I have already referenced a couple of lines from the governor’s budget speech, but one of my favorites was, “Someone in Harrisburg has to start telling the people of Pennsylvania the truth about the mess we’re in.” I myself have been doing this since coming to the Senate, and especially during the current fiscal year’s budget debacle.
But I also call on the governor to tell the truth. The truth that he wants more of taxpayers’ money and pensions are the real reason education costs go up every year. The truth is that state workers and teachers have lavish benefits private sector workers could only dream of having and that taxpayers help money managers buy vacation homes with the millions we pay in fees for managing the pension funds.
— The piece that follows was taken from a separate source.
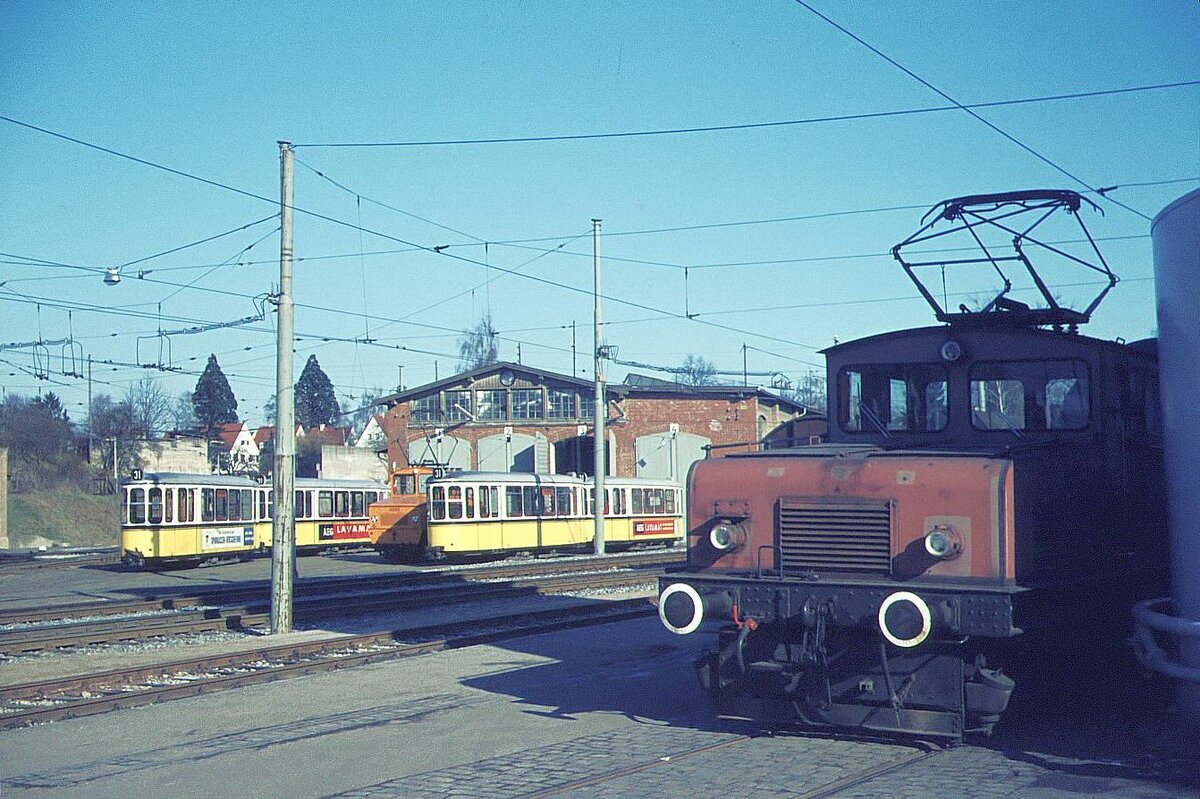 SSB Filderbahn Bf.S-Möhringen SSB-Ellok Nr.2 bei den Wagenhallen mit B2 und A-Lok 02-1975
And please, Gov. Wolf, stop pitting taxpayers against students. Stop hiding behind doom-and -gloom numbers you have created. Stop demanding the people of Pennsylvania pay more in taxes without bringing accountability to their money we are already spending.
If we can’t look our constituents in the eyes and tell them that we’re doing everything that we can to control costs, it is unacceptable to ask them to send us more of their hard-earned money.
If the governor wants to talk about ways to reform government and create savings to reduce the deficit, I will be the first one at the table. However, until that time, he has no business asking working Pennsylvanians to send more money to Harrisburg.
— Sen. Scott Wagner represents residents of York County's 28th District.